Fugger-Babenhausen was an officer in the Austrian army and began his military career in 1847 as a Second lieutenant. In 1848 he was promoted to First lieutenant; Captain in 1851; and Major in 1862. As a Major, he was senior Chamberlain to Archduke Heinrich Anton of Austria from 1865 to 1868. In 1867 he was promoted to Lieutenant colonel and, in July 1868, while still out of service, to Colonel. His was promoted to Major general in 1897.

After his 1855 marriage, he spent most of his free time at Meiselberg Castle, his wife's family estate in Carinthia. From 1868 to 1885, he owned the Tanzenberg estate near Hörzendorf. On 9 January 1884, he was appointed a life member of the Chamber of Imperial Councillors and an Imperial and Royal Privy Councillor.

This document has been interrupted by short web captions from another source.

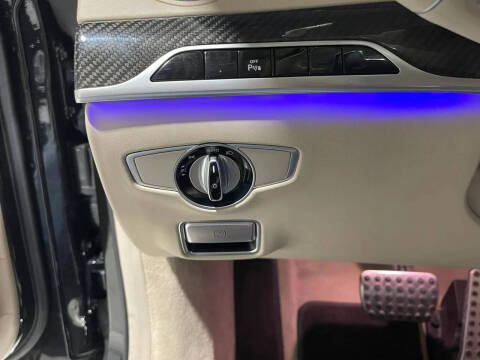 2016 Mercedes-Benz S-Class AMG S 63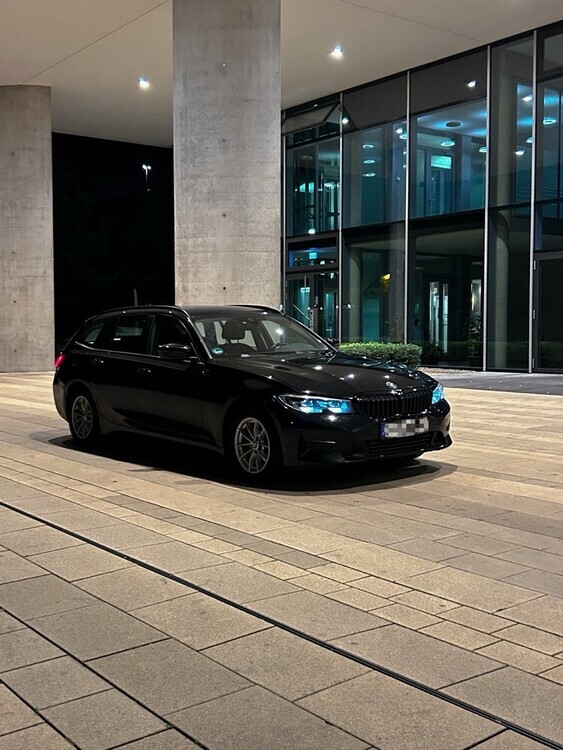 BMW 320 149.999 km 17.850 € Nürnberg 90403
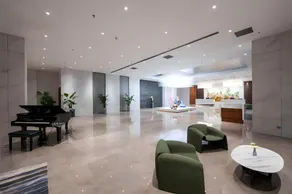 Grand Madison Hotel Qingdao Central May Fourth Square - Image 5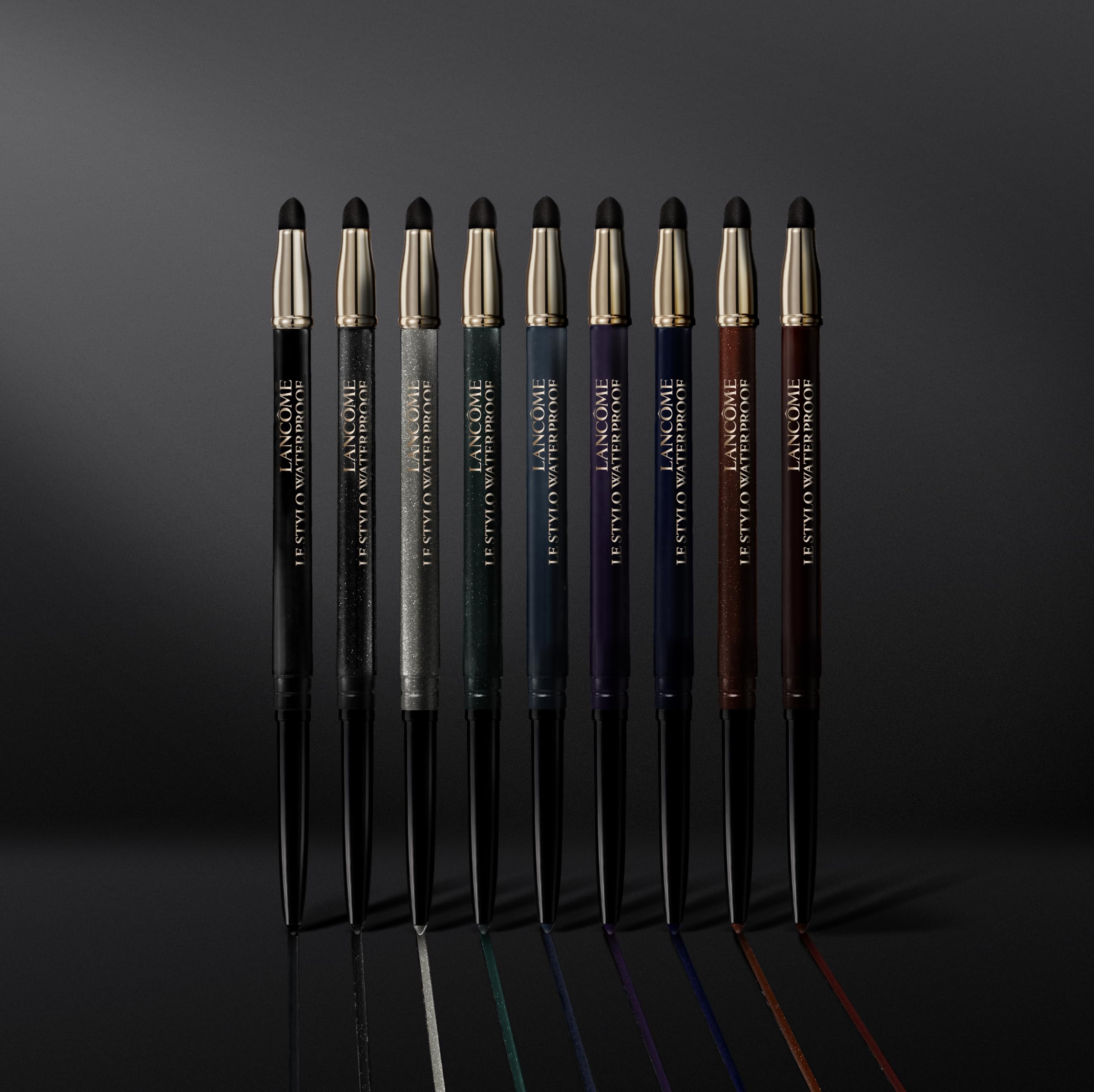 Lancôme - Le Stylo Waterproof - Larga Duración Waterproof - Doble Punta, Mina Retráctil Ultraprecisa y Difuminador Integrado - Textura Cremosa
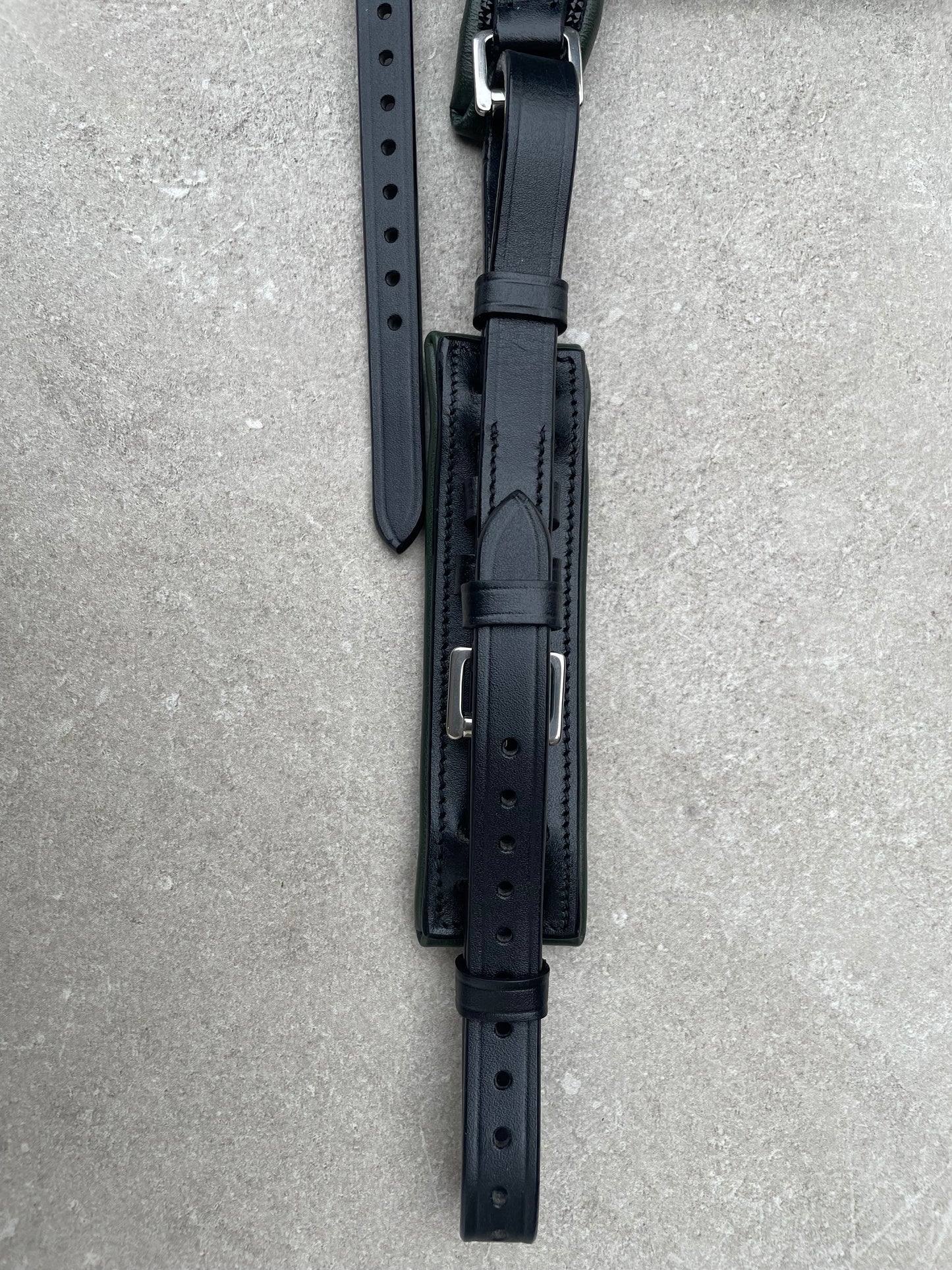 Neusriem Rocktrim Army groen onderlegd, Zwart rocktrim, Mat leer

Upon the death of his elder brother in 1885 without male issue, he succeeded as 4th Prince Fugger von Babenhausen, with the noble title of His Serene Highness, and Head of the Babenhausen estate and the entire princely entail, including Wellenburg and Babenhausen Castles, as well as the Fugger houses in Augsburg. He moved from Meiselberg Castle to Babenhausen and became a Bavarian nobleman. From 1885 to 1906 he was thus also a hereditary member of the Bavarian Chamber of Imperial Councillors. From 1891 to 1893, he was a member of the Presidium and, during this time, served as First President of the Chamber of Imperial Councillors.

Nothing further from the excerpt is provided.